* Problem: The listing below should be reproduced precisely, except for its images.

* Source material:
┏━━
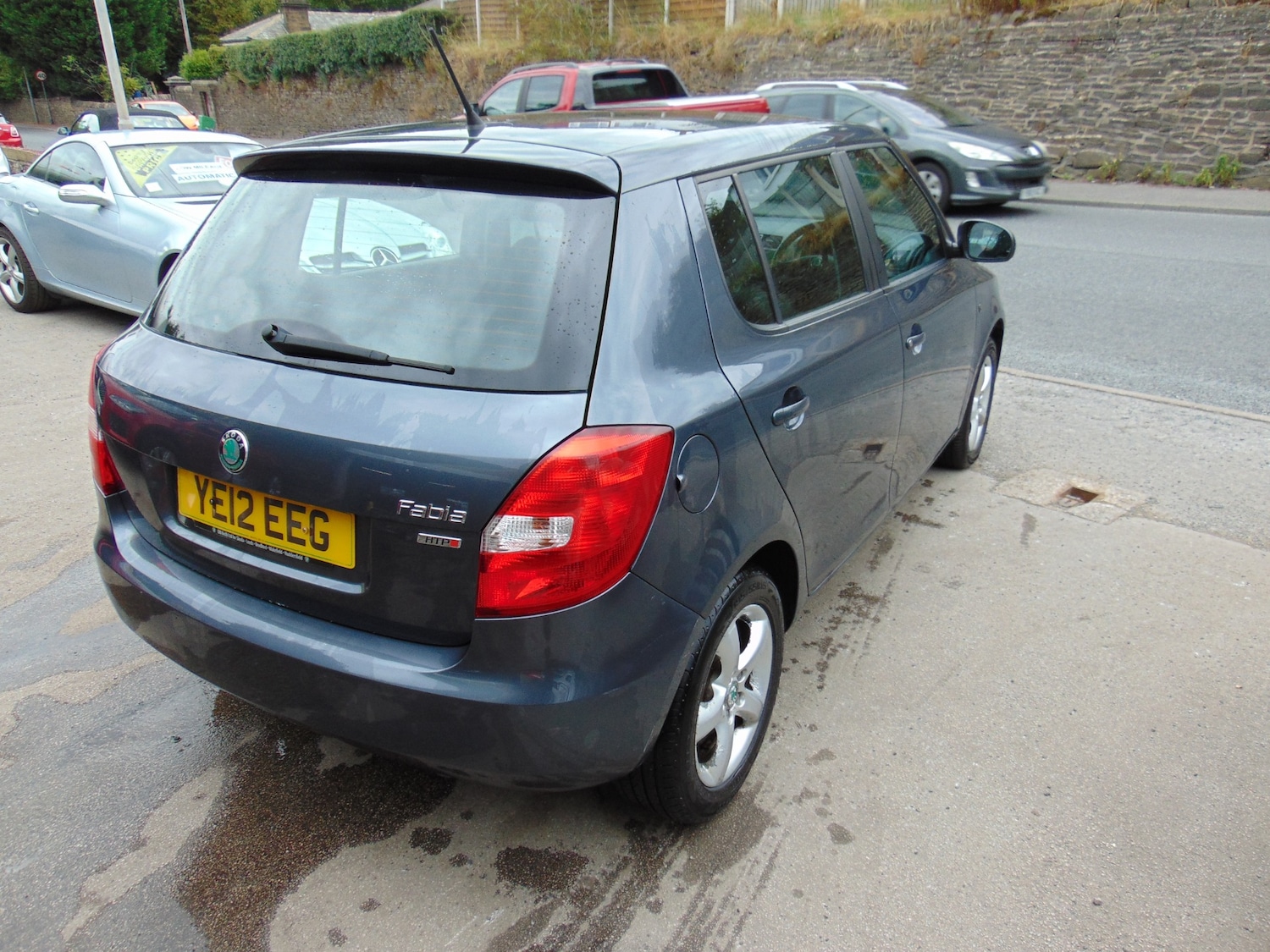 Vehicle 4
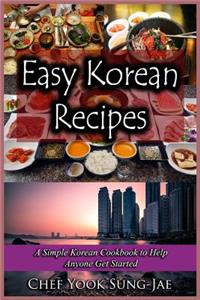 Easy Korean Recipes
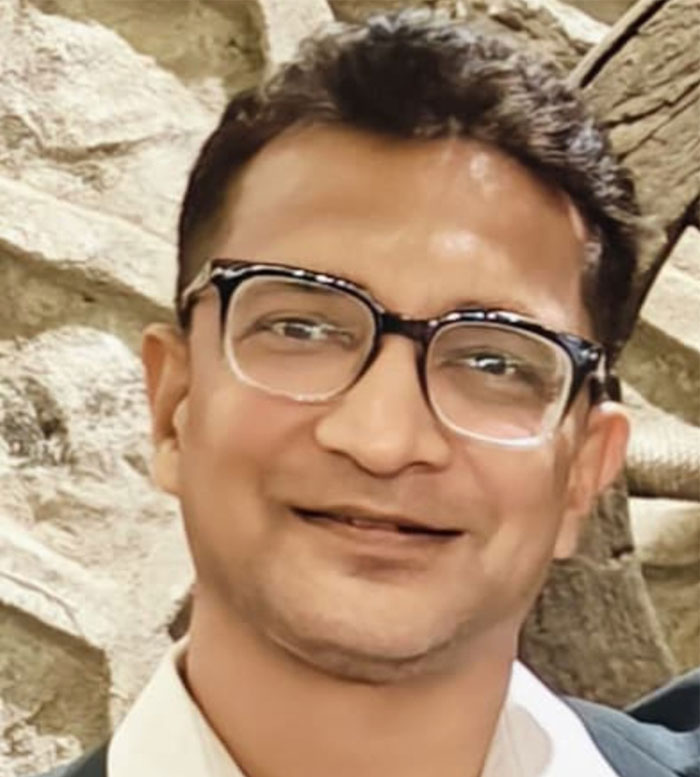 Rtn Pankaj Agrawal 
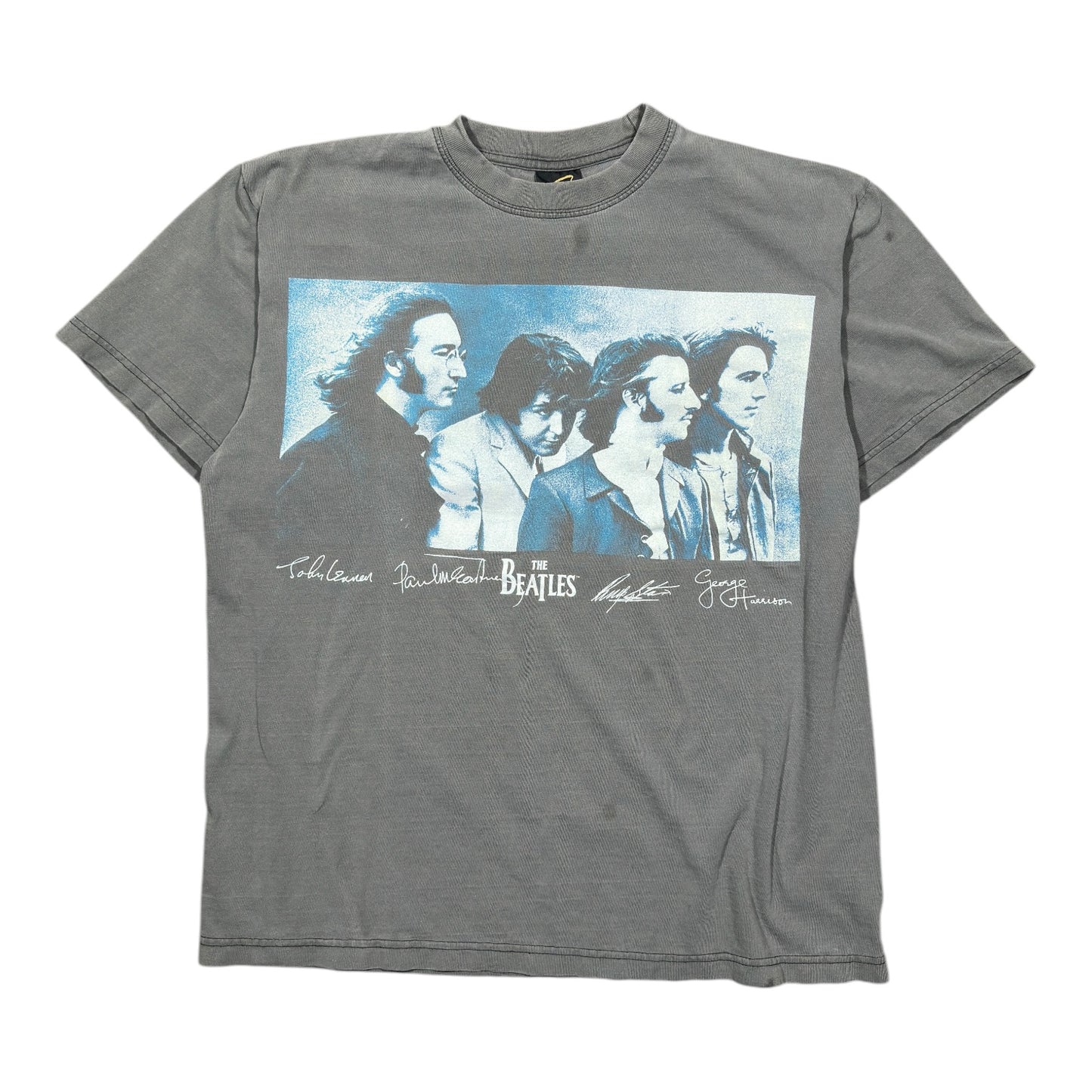 1990s Vintage The Beatles Shirt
┗━━
* Written solution:
 Vehicle 4
 Easy Korean Recipes
 Rtn Pankaj Agrawal 
 1990s Vintage The Beatles Shirt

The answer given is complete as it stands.